BI-Lahey merger gets a break on cost growth
State officials remove benchmark mandate they enforced with Partners
by Jack Sullivan for CommonWealth Magazine
April 6, 2018
State health officials stripped language from a document that would have required the merger of Beth Israel Deaconess Medical Center and Lahey Health to prove they’ll meet legislatively mandated cost growth benchmarks, a requirement officials made sure was adopted as part of the recent merger between Partners HealthCare and Massachusetts Eye and Ear Infirmary.
The change in language during the Department of Public Health’s Determination of Need process has some industry officials and patient advocates up in arms because the change was made after the public comment period was closed.
“From our perspective, [the requirement] is the first step in requiring the merger parties to be held accountable for the cost impact for the consumer of these mergers,” said Bonny Gilbert, chairwoman of the Greater Boston Interfaith Organization health care team who testified against the change in conditions. “There has never been a merger that has not increased costs. Our costs just go up and up.”
Gilbert and other advocates say they are holding out hope that the Health Policy Commission or Attorney General Maura Healey can insert the language back into the official documents to protect patients from cost increases that often come with mega-mergers such as this. The Health Policy Commission does not have regulatory powers, but is charged with monitoring provider and payer performance in meeting the state’s health cost growth benchmark.
A spokeswoman for Beth Israel referred questions about the shift in language to DPH. Ann Scales, a DPH spokeswoman, insisted the amended language is a more effective way to gauge the merger’s impact on costs. She said because the Beth Israel-Lahey transaction is actually creating new system, it has different needs than the merger of Partners and Mass Eye and Ear, which involved a much larger provider absorbing a smaller and cheaper hospital.

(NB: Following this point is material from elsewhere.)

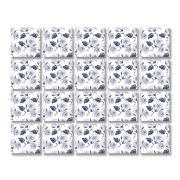 Tink Mavi Çiçek Metraj Desenli Pvc Karo 10x10 cm 20'li Paket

“Each Determination of Need (DoN) application is analyzed, and conditions are developed, based upon the transaction and the way the transaction and the commitments made in that transaction can be most objectively and effectively measured,” Scales said in an email. “What was appropriate in the situation where two service lines were being merged from a lower-cost provider (Mass Eye & Ear) and into a higher-cost system (Partners) is different from a situation in which a brand new system with the potential for significant market power should be reviewed.”
For years, Partners has been the focus of concern from regulators and advocates, who have raised questions about its outsized clout in the state’s health care market and its effect on health care costs. The proposed Beth Israel-Lahey merger has thus far escaped that level of scrutiny, though it would, if completed, create a provider network second only to Partners to size. The Beth Israel-Lahey merger would create a 13-hospital network that includes 4,200 physicians.
The Boston City Council is planning on holding a hearing on the Beth Israel-Lahey merger Tuesday and one advocacy group said the hospitals will be put under the spotlight.
“At a time when health costs are rising across the board, allowing a second market giant like Partners is the exact opposite direction we should be going,” said Hanoi Reyes, spokeswoman for the Make Healthcare Affordable Coalition. “Now is the time to ask questions and scrutinize this deal, or we will have lost the chance.”
In early March, DPH issued a report on the merger and opened it up to public comment. Included in the report was a section under “Other conditions” that would have required Beth Israel and Lahey, under their new corporate structure called NewCo, to annually certify that they are meeting the cost growth benchmarks the Legislature passed several years ago to contain health care costs.
“The Holder will ensure that the health status adjusted total medical expense of the NewCo system does not exceed in any calendar year the health care cost growth benchmark established under (Massachusetts law) for such year,” the Determination of Need report originally stated. “The parties shall annually certify compliance with this section to the Department and provide any requested documentation necessary to assess compliance.”
But in its recommendation earlier this week to approve the $5.3 billion merger, staff from the Public Health Council, which oversees the Determination of Need process, struck that language and inserted wording saying only that if the new health system is required by the Health Policy Commission to develop a Performance Improvement Plan, the hospital group will “timely provide all information necessary” for officials to conduct an analysis.
Gilbert testified at the hearing that it’s not enough to trust claims that a merged BI-Lahey system would be able to contain costs.
“We cannot afford to allow any more mergers solely on the basis of well-intended, yet unaccountable goal statements,” she testified. “You, the Public Health Council, have a responsibility to the Massachusetts citizens to require that this merger live up to its goals by requiring it to maintain per capita health care spending growth at or below the benchmark, and to document this compliance, with consequences for any failure.”
The language for the NewCo merger differs significantly from what state officials demanded from Partners in its merger with Mass Eye and Ear. Under the report approving that venture, Partners has an “obligation to ensure that its health status adjusted total medical expense does not exceed the health care cost benchmark” in any given year.
“The parties shall annually certify compliance with this section to the Department and provide any requested documentation necessary to assess compliance,” the recommendation stated.
The benchmark set for 2018 by the Health Policy Commission calls for health care costs to grow by no more than 3.1 percent.